Thursday, August 12, 2010

Stop your burgeoning little cross-dressing queen in his tracks: send him to karate class.

(click ads twice, via) Yeah, Pops. Nip that gaiety in the ass, and get junior kicking some ass and karate-chopping some wood, all while listening to Eye of the motherfucking Tiger. That'll knock those show tunes out of his head and some sense into him. Other tips: Make him change the oil in your pickup, naked. And take him deer hunting, naked. Better yet, queer hunting. You and your drinking buds can go to a local Miami gay bar and show him how to pound the dust out of some fairies, who hopefully haven't taken martial arts classes at Key Biscayne's RDCA. Campaign by Miami ad agency Zubi, who also produced these funny frame shop ads. Previously in: gay bashing ads. Update: On the karate's studio's Facebook page, the "Sensei" says he didn't approve these ads.


Anonymous elementary said...

Oh let him take those classes, they will benefit him/her later when he/she moves to NY and joins the Rockettes.

3:20 PM  
Blogger Black Phillip said...

I think the advert means that the little fop is going to need to be able to protect himself in school.

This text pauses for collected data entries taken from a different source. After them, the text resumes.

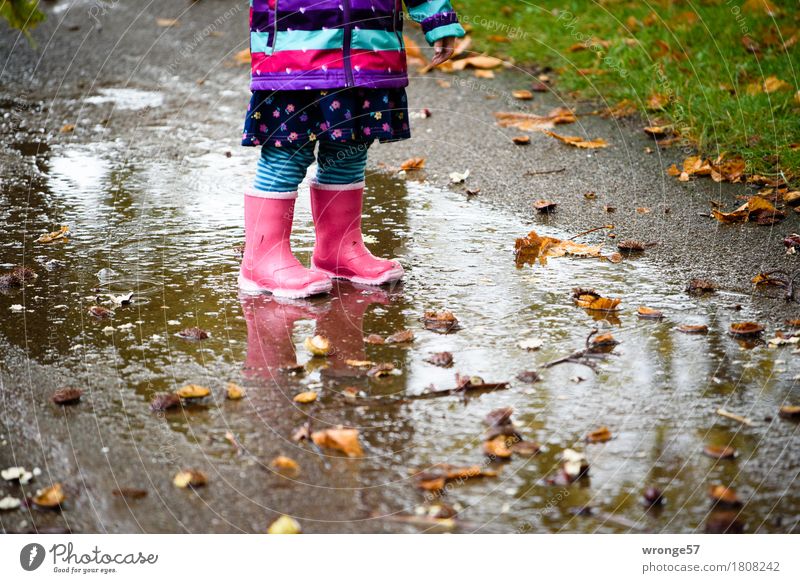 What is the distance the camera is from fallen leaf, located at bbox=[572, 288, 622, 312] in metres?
2.90

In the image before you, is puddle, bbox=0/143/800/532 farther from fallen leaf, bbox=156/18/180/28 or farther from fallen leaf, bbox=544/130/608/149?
fallen leaf, bbox=156/18/180/28

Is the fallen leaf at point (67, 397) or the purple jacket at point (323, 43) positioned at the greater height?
the purple jacket at point (323, 43)

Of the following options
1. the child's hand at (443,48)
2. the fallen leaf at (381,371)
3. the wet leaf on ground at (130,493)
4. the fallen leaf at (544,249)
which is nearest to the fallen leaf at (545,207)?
the fallen leaf at (544,249)

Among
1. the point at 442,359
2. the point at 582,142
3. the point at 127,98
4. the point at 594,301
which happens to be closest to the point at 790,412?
the point at 594,301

"If your son is a cross dresser, he's going to get his ass kicked."

5:49 PM  
Anonymous Lily said...

Pretty tasteless, especially considering recent news about a 17 month old baby killed "for acting like a girl:"

6:15 PM  
Anonymous Anonymous said...

That shirt with those shoes? Are you kidding me?

11:00 AM  
Anonymous Anonymous said...

I dunno. Political correctness aside, I think that from an *ad* standpoint, it's working pretty well: getting lots of attention, pissing off one very small yet loud-mouthed demographic, and secretly making the vast majority of middle-class American parents wonder, secretly, "Wow, do you think that might work?!" Donald Draper would be proud.

12:41 PM  
Anonymous Anonymous said...


12:57 PM  
Anonymous Ma Bell said...

What's with art directors and 'rotary phones'


1:06 PM  
Anonymous Anonymous said...

mauahahhahahahahh!! i love it

2:27 PM  
Anonymous Anonymous said...

What's funny is that Karate by itself is probably one of the least effective martial arts for use in an actual fight.

3:30 PM  
Anonymous Anonymous said...

According to the karate school's Facebook wall they never placed or approved the ad, and now have an "investigation under way."

Also worth noting that their domain name has expired and gone over to Backpack Girl, so that's good for another laugh.

6:51 PM  
Anonymous Anonymous said...

Reading the ad, it is pretty clear that someone seems to have an obsession with naked little boys

10:00 AM  
Anonymous Martial Development said...

I saw these images with the caption, "Karate Lessons Will Beat the Sissy Right Out of Your Son." But I'm not sure that was the intent.

This doesn't look like the work of someone promoting Karate as "a solution to gay." IMHO it is equally likely that someone watched a few MMA shows on TV, decided they were a martial arts expert, and wants to spread the message that Karate IS gay.

12:02 AM  
Blogger Joe B. said...

Honestly, I'm more concerned about the little boy they used in this "ad". He'll never live these photos down.

12:21 PM  
Anonymous Anonymous said...

When are you going to apologize for posting these (and remove the entire post) since the ad agency denies ever approving them for any sort of publication and claims they have nothing to do with that school. Of course, we could tell you're a moron just from your self serving "things I hate" idiocy so, whtevs.

6:03 PM  
Anonymous Anonymous said...

Yeah, the sensei says he never meant to release the ads, yet they somehow were entered into the addys... and are featured in the official zubi blog. Sloppy...

1:38 AM  
Blogger Gabriella Gray said...

Fuck that!

7:00 AM  
Blogger KatjaMouse said...

I'm glad that I'm not the only one who looked at the ads and immediately interpreted them as a tongue in cheek message to teach your kid self-defense —— cause he's gonna need it.

Disclaimer: Not a gay basher in the least bit, one of my 2 lenses on the world is set to "Fruit Fly".